Matt Taibbi, Julian Assange, and Jordan Peterson joined more than 130 activists in demanding an end to online censorship
Governments, NGOs, and social media companies are using “disinformation” as an excuse to throttle free speech in violation of the UN’s Universal Declaration of Human Rights, a group of over 130 academics, activists, journalists, and free speech advocates have warned in an open letter.
Published on Wednesday, the ‘Westminster Declaration’ was signed by journalists Matt Taibbi, Glen Greenwald, and Julian Assange; psychologists Steven Pinker and Jordan Peterson; and actors Tim Robbins and John Cleese, among more than 100 other luminaries.
“Coming from the left, right, and center, we are united by our commitment to universal human rights and freedom of speech, and we are all deeply concerned about attempts to label protected speech as ‘misinformation,’ ‘disinformation,’ and other ill-defined terms,” the group wrote.
The letter condemned government-led efforts to restrict free speech, naming the UK’s Online Safety Bill and ‘Hate Speech’ bills in Ireland and Scotland as direct threats to freedom of expression. It also denounced social media companies for filtering, labeling, and banning legitimate content at the behest of governments or NGOs.
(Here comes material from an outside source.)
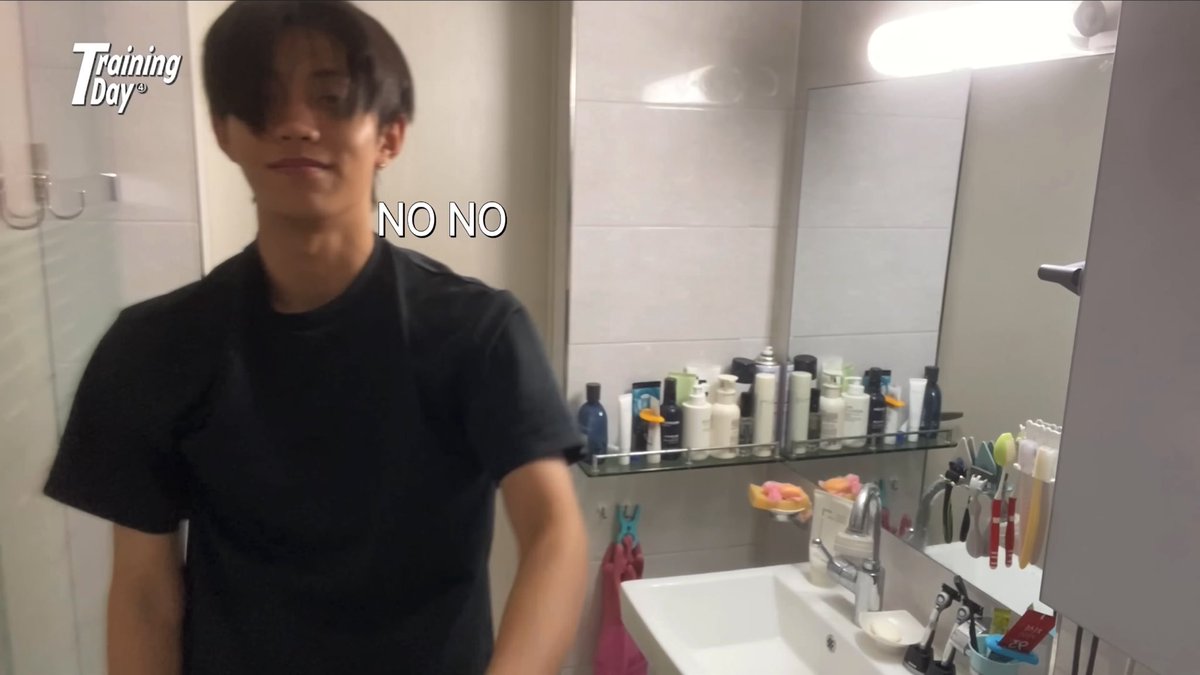 woofwoof 🦍 tweet media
The extent of this form of censorship was revealed with the publication of the ‘Twitter Files’ last year, which proved that the social media platform (since purchased by Elon Musk and renamed ‘X’) collaborated with the White House to remove factually correct information about Covid-19, colluded with the FBI to remove content the agency wanted hidden, assisted the US military’s online influence campaigns, and censored “anti-Ukraine narratives” on behalf of multiple US intelligence agencies.
In multiple cases highlighted in the ‘Twitter Files’, governments did not directly ask platforms to remove content. Instead, NGOs and academics played that role. In 2021, for example, a group of academics funded by the CIA, Pentagon, US State Department, and other agencies, pressed Twitter to ban users spreading “true content which might promote vaccine hesitancy.”
“We do not want our children to grow up in a world where they live in fear of speaking their minds,” the signatories wrote. “We want them to grow up in a world where their ideas can be expressed, explored and debated openly – a world that the founders of our democracies envisioned when they enshrined free speech into our laws and constitutions.”
The letter urged governments and tech companies to comply with Article 19 of the Universal Declaration of Human Rights, which states that “everyone has the right to freedom of opinion and expression; this right includes freedom to hold opinions without interference and to seek, receive and impart information and ideas through any media and regardless of frontiers.”
In conclusion, the letter also called on the general public to “build an atmosphere of free speech from the ground up by rejecting the climate of intolerance that encourages self-censorship.”